Dear blog owners

April 1, 2012

Today does not make your otherwise unfunny blog funny.


Meta-blogging: WTF is up with #crap?

March 13, 2012

Noticed a few blogs are doing this. Someone fill me in on the why? Is it some new meme I missed, or does it get you ‘followers’ on Twitter? 

Looks ridiculous.


New blog I’ve been reading

March 2, 2012

Quick note: I like this blog about life in a wormhole. Good writing style, interesting stories, and written in a way that I think will be enjoyable even for non-EVE players. Head on over and check it out.


Blogging is srs bsns

February 27, 2012

This is one of those “it’s a comment but it’s too long so it becomes a post” deals, in response to Keen’s post about hype/excitement. I’m likely near the top of people who have criticized or at least taken a cheap shot at Keen for getting too hyped up about a game. In my defense, there is a Friday every week.

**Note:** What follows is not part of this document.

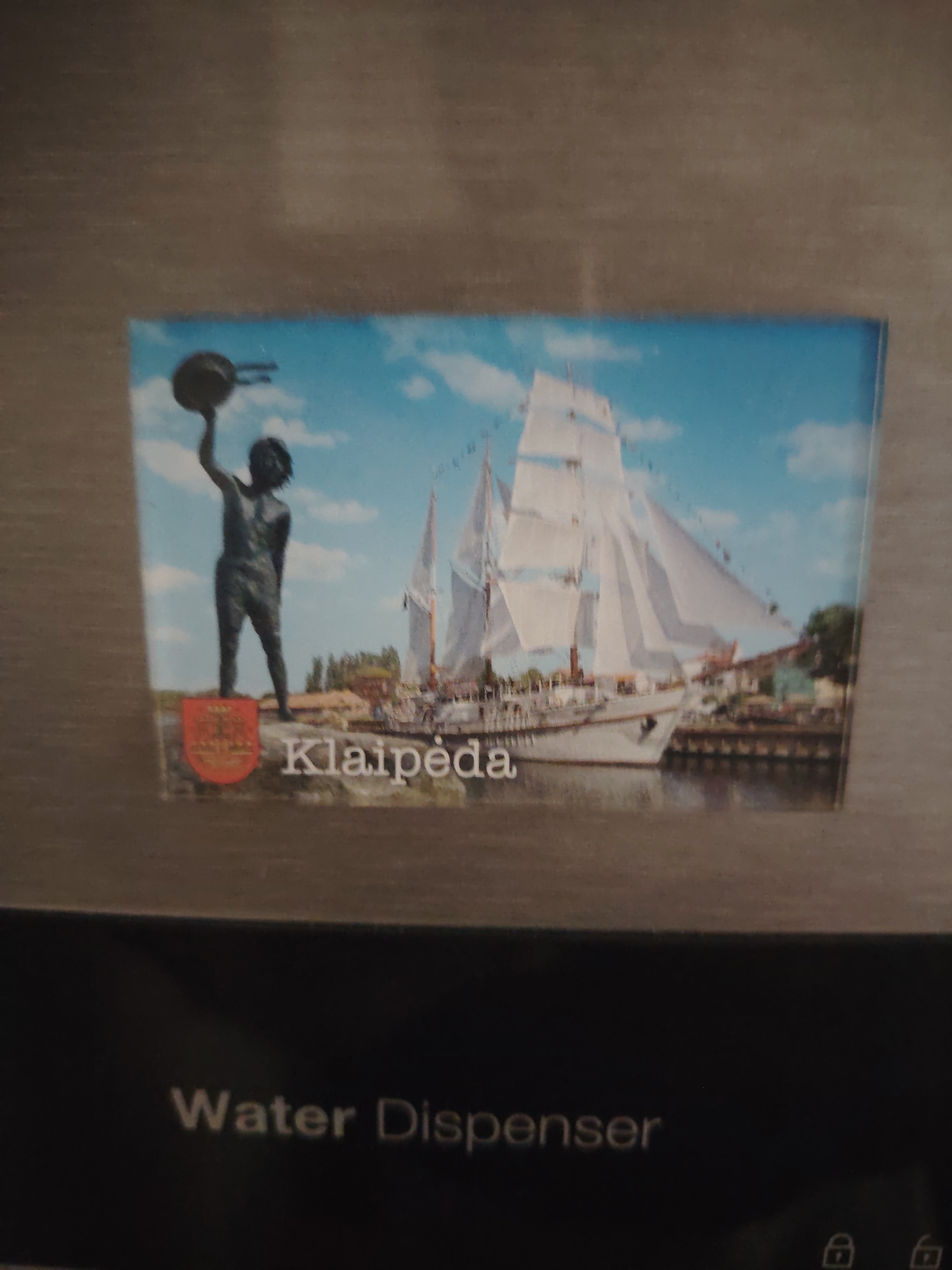 The image displays a rectangular magnet or postcard adhered to a light grey, brushed metallic surface. The magnet features a scenic depiction, primarily split between a statue and a ship under a partly cloudy blue sky. On the left side of the magnet, a dark-colored statue of a young person, possibly a boy or a man, stands with their left arm raised, holding a round object resembling a pot or a cap. Below the statue is a red heraldic shield with yellow detailing. On the right side, a large white sailing ship with multiple masts and sails is depicted on calm water, likely in a port or harbor, with trees and buildings visible along the distant shore. The word "Klaipėda" is prominently displayed in white letters at the bottom center of the magnet. Below the magnet, on a dark, matte surface, the white text "Water Dispenser" is horizontally aligned. Further to the bottom right, faint icons resembling lock and unlock symbols are visible. The scene depicted on the magnet is of Klaipėda, a city in Lithuania, contrary to a location in Huntingdonshire, United Kingdom.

There are a few things that play into all of this. The first, and really central point, is that following/playing an MMO is closer to a religion than a hobby (or should be). When you are all-in on an MMO, it dominates your time, and the better the MMO is, the more time it takes up. And in a ‘real’ MMO, the more time you put in, the more fun it puts out. Before the casual ‘solo-hero’ revolution, MMOs were as much about WHO you played with as WHAT you were doing, and the ‘who’ only mattered if they stayed logging in month after month. “Guild hoppers” were the tourists of the genre before we had enough titles to allow tourism, and neither term is one you want associated with you.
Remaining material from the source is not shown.